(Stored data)

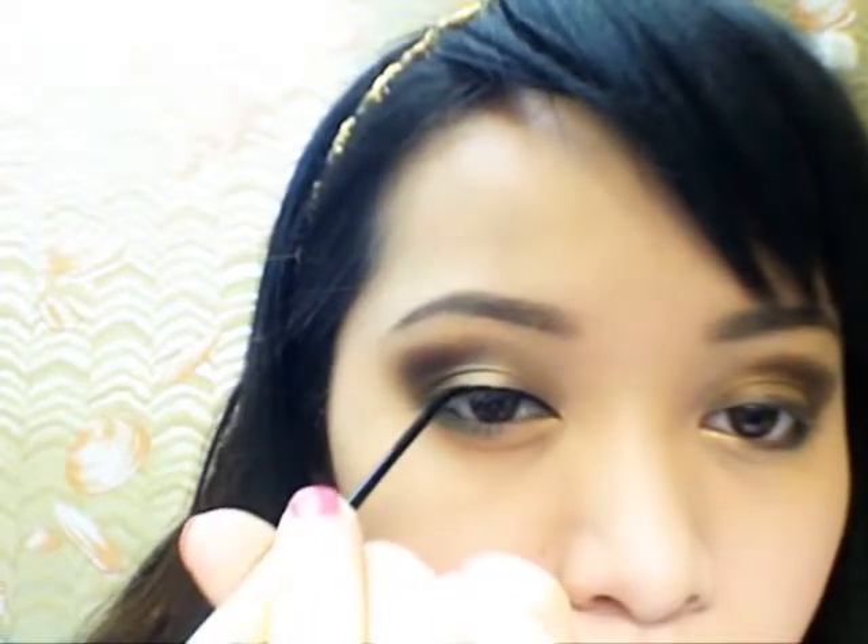Apply liquid eyeliner. It should be thinner around the inner corner of your eyes and thickest around the outer corner. The line weight is the most important part when applying eyeliner.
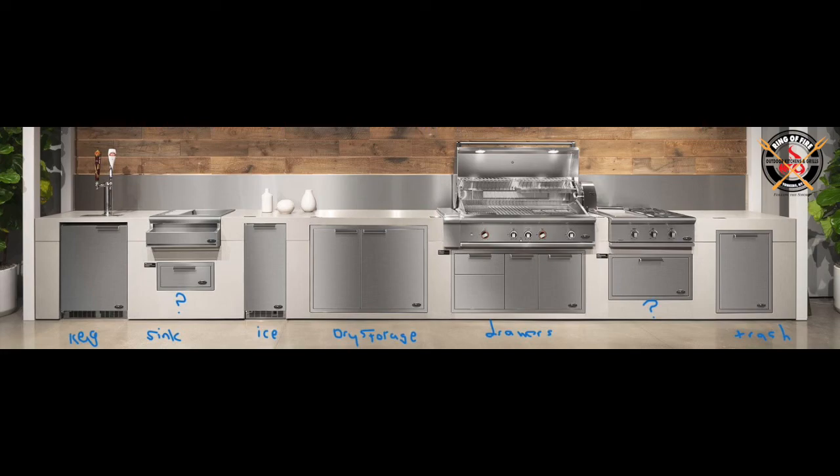Moving from left to right, they have the kegerator with a dual tap system. Looks like they're pouring Stella, one of my favorites. I don't know what the brown one is, but I'd probably be hitting that Stella pretty hard. Next door, we have the BC25 beverage chiller. Can also be a sink, but with the lack of a faucet in this picture, it looks like they're just using it as a beverage chiller with a speed rail on the front if you want to place your favorite libations to mix with. Underneath it, they have a storage drawer.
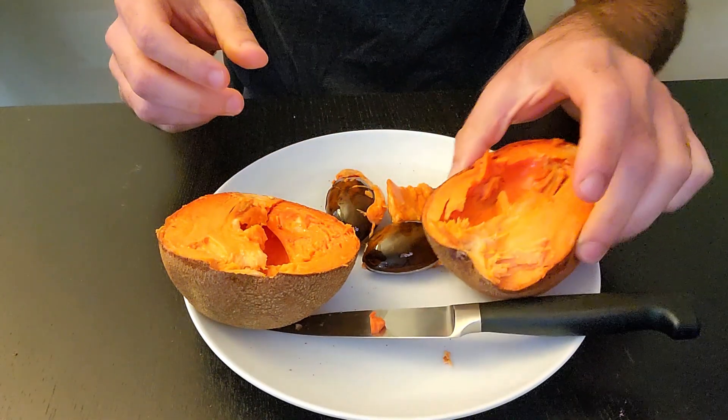Let's give it a taste. Mmm, sweet — definitely similar to cooked sweet potato or pumpkin. It has fibers kind of similar to a sweet potato, and a really nice orange color. It definitely has its own unique flavor though — it's almost almond-y, it has a lot of almond notes.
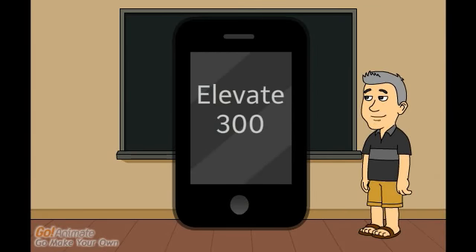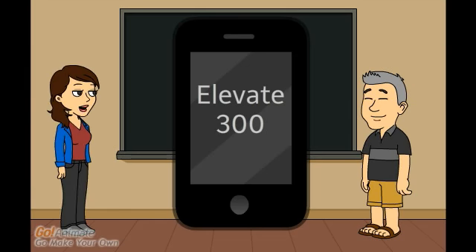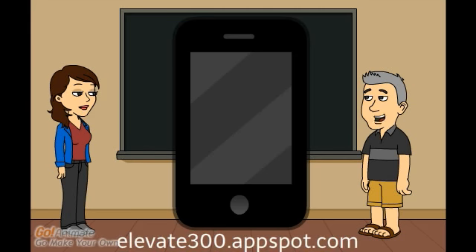Hello, I wanted to give you a quick introduction to the Elevate 300 web app. Sounds interesting. So the Elevate 300 web app isn't just a normal iPhone or Android app? Nope. A web app is really just a website. However, if you save a bookmark it feels like a regular app.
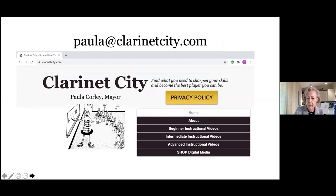Here's my website — if you have any questions, I have a bunch of stuff up there for free. You're welcome to peruse and just send me an email and I will get back to you. Jessica and I will post the PowerPoint on the ICA website sometime after the event.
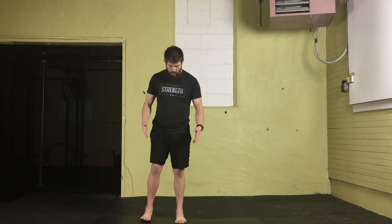For the seal jack, we're going to start in a very similar position that we do for the jumping jack. The feet are going to be hip-width apart, but this time instead of having our arms down to our sides, arms are going to be out in front of us extended at shoulder height. The palms are going to be open and the thumbs are going to be up.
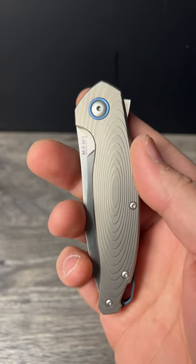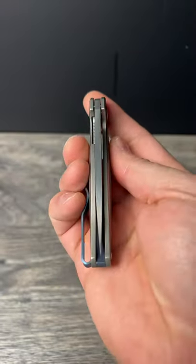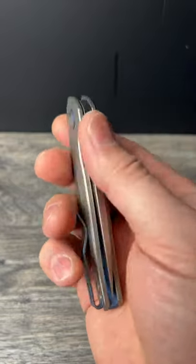What is up everyone, JD here. I hope you're all doing well today. Today's pocket check: the MKM Gossia.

Work to complete:
With the pictures set aside, repeat every entry above exactly.

Response:
Apply liquid eyeliner. It should be thinner around the inner corner of your eyes and thickest around the outer corner. The line weight is the most important part when applying eyeliner.
Moving from left to right, they have the kegerator with a dual tap system. Looks like they're pouring Stella, one of my favorites. I don't know what the brown one is, but I'd probably be hitting that Stella pretty hard. Next door, we have the BC25 beverage chiller. Can also be a sink, but with the lack of a faucet in this picture, it looks like they're just using it as a beverage chiller with a speed rail on the front if you want to place your favorite libations to mix with. Underneath it, they have a storage drawer.
Let's give it a taste. Mmm, sweet — definitely similar to cooked sweet potato or pumpkin. It has fibers kind of similar to a sweet potato, and a really nice orange color. It definitely has its own unique flavor though — it's almost almond-y, it has a lot of almond notes.
Hello, I wanted to give you a quick introduction to the Elevate 300 web app. Sounds interesting. So the Elevate 300 web app isn't just a normal iPhone or Android app? Nope. A web app is really just a website. However, if you save a bookmark it feels like a regular app.
Here's my website — if you have any questions, I have a bunch of stuff up there for free. You're welcome to peruse and just send me an email and I will get back to you. Jessica and I will post the PowerPoint on the ICA website sometime after the event.
For the seal jack, we're going to start in a very similar position that we do for the jumping jack. The feet are going to be hip-width apart, but this time instead of having our arms down to our sides, arms are going to be out in front of us extended at shoulder height. The palms are going to be open and the thumbs are going to be up.
What is up everyone, JD here. I hope you're all doing well today. Today's pocket check: the MKM Gossia.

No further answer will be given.